I am fortunate to live close to the Canadian Co-operative Woolgrowers in Carleton Place, Ontario. A few times a year I make the short drive to the co-op to pick out some fleeces. They are housed in an old stone building which is bitingly cold in the winter. When you enter you can see bags and bags of wool, more wool than you can imagine being in one place.
The co-operative grades and markets close to 3 million pounds of raw wool each year. That’s a lot of wool. Each of the three general classes of wool (fine, medium and coarse) are sold wherever the best prices are available. Much of it goes to China. Most of the wool at the co-op is dirty, full of hay, seeds and other stuff that comes from living in a field and never brushing your hair all year. But the wool sorters keep promising fleeces aside for hand spinners and this is what I have come to see.

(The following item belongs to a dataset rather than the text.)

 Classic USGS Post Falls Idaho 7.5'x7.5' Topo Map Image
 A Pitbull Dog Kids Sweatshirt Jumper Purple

The wool is divided into bins for coarse, medium and fine. Fleeces are just tossed into the bins and require persistence to extract. I have been known to climb into a bin to root around and find the best wool. Sometimes you can find a treasure there; sometimes there is nothing really good.
Prices are bargain basement ranging from three to five dollars a pound if you are buying less than 50 pounds of wool at a time. If you really like wool and buy a minimum of 500 pounds the price decreases to two to three dollars fifty per pound. I don’t expect to ever need that much wool.
The last time I visited the woolgrowers in March I came home with 21 pounds of wool including a 10 pound very black fleece that I am guessing is some kind of down breed cross, a seven pound grey fleece of similar heritage and a few pounds of a lovely fine white fleece.